Hemşerisi olduğum Demirel’e soru sormaya gelince; sınır yoktu. Herkes her soruyu sorar yanıtını alırdı. Yeter ki yöneltecek sorusu olsun.
Mustafa KINALI
DHA editörü
‘Çoban Sülü’yü kim yazdı
-ERGİN Konuksever dün Cumhuriyet’te, 1969’da İslamköy’e giderek Günaydın için yaptığı röportajın adını ‘Çoban Sülü’ koyduğunu anlatıyor. Daha sonra bu röportajı Mehmet Ali Yalçın’ın MAY yayınları basmış.
“Bir gezide Demirel sordu ‘Ergin kaç para verdiler sana bu kitap için’ diye. Ben de 5 bin lira verildiğini söyleyince, Demirel ‘Ya çok ucuza vermişsin’ dedi. Ben de ‘Ne yapalım efendim daha fazla etmiyormuşsunuz; şu makineyi aldım’ dedim. Herkes gibi o da güldü, ancak Nazmiye Demirel biraz buruktu, ‘Ya Süleyman’ı çoban yapmışsınız, çoban mı o yüksek tahsil yapmış bir adam’ diye sitem etti. Süleyman Bey hemen lafa karışarak ‘Nazmiye bu isim tuttu, elleşme. Ergin sen iyi isim koymuşsun bana, hoşuma gitti’ diye konuştu.”
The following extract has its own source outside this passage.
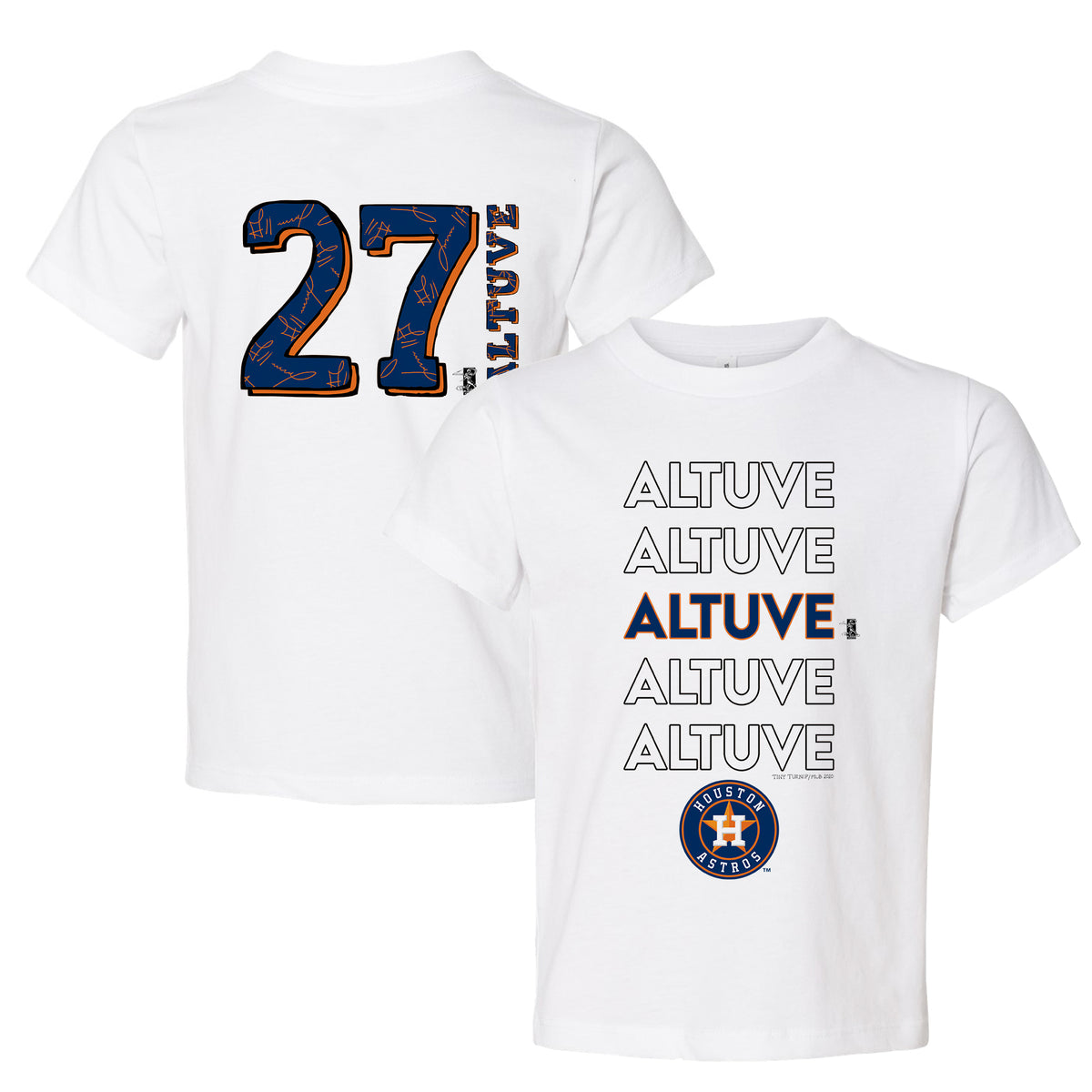Lids Jose Altuve Houston Astros Nike Youth Name & Number T-Shirt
Daha sonra ‘Çoban Sülü’ kitabını imzalayan Demirel, böyle bir gazetecilik yaptığı için için Konuksever’e tebrik ve takdirlerini sunmuş.
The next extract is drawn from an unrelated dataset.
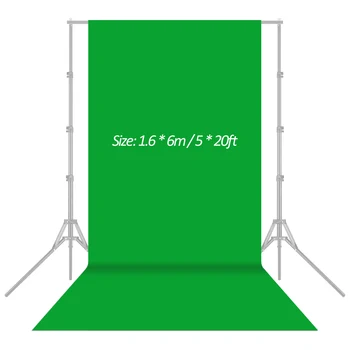 1.6x6m/5x20ft Fotografija Studio netkanih Tkanin Ozadje Ozadje Zaslona Barva Bela Zelena Črna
Asker özen gösterecekti...
-DEMİREL’in naaşını taşıyan sözde top arabasını çeken aracın haline şaştım kaldım! Ordumuzda estetiği bu gibi işlere uygun bir çok araç varken (örneğin bir cip), neden bu sakil vasıta seçilmiş? Beğeni ve zevkimiz de kalmadı son yıllarda; üzüldüm.M. MERİÇ
Telebyaz doğru, Telabyad yanlış
-AKÇAKALE’nin karşısında Suriye kentinin adını hep birlikte yanlış telaffuz ediyor, ‘Telabyad’ diyoruz. Oysa aslı ‘Telebyaz’, yani Akçadağ. Osmanlı döneminde Akçakale’yle iki mahalleden oluşan bir kent. Peki Arap isim değiştirmiş de ‘Telabyad’ mı demiş? Hayır, öyle dememiş. Alfabesinde, bizde olmayan ‘d’ ile ‘z’ arası harfi kullanmış. tıpkı ‘ramazan’daki gibi.
Özellikle Orta Anadolu’da bazı aileler çocuklarına ‘ramazan’ yerine ‘ramadan’ adını koyarlar.
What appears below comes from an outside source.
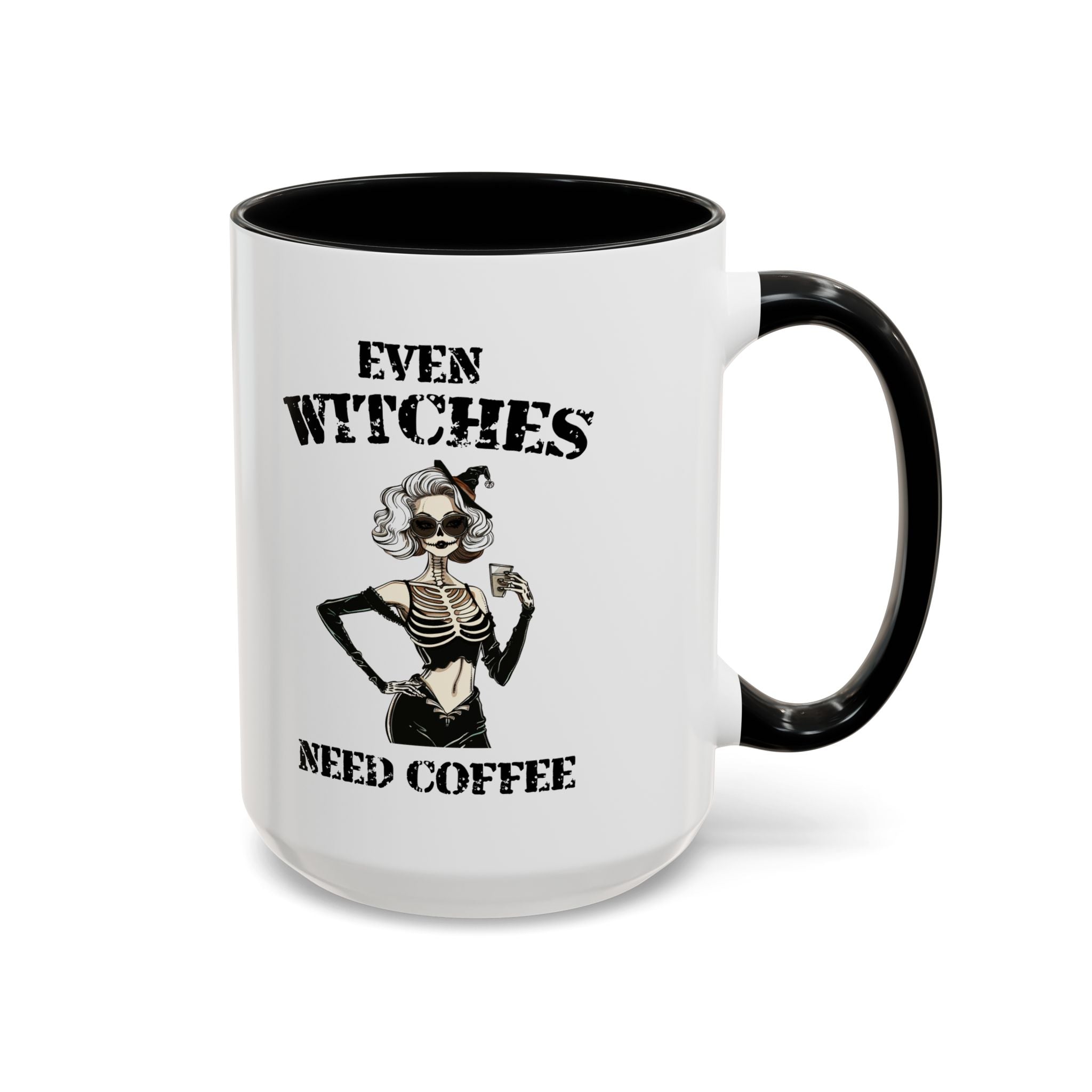 Witchy Coffee Mug - Even Witches Need Coffee, Spooky Gift, Halloween Decor, Witch Lover's Mug, Unique Coffee Cup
Türkçeye biraz değişikliğe uğrayarak ‘beyaz’ olarak geçmiş bir ‘ebyaz’ dururken, “abyad” diye bir şeyi kim uydurdu, doğrusu anlamış değilim.
Mustafa SAĞLAMER-Gazeteci
Mesaj panosu
-SAKIZ, ruj, oje değil; yalan, iftira, küfür, hakaret orucu bozar. Eline, diline, beline sahip olamayanın orucu yoktur.
R. İhsan ELİAÇIK
-İKİTELLİ Cemevi günde 1000 kişilik yemek çıkarıyor. Sünni’si Alevi’si sefertasları ile yemek almaya gidiyor. Sen kimsin diye soran yok.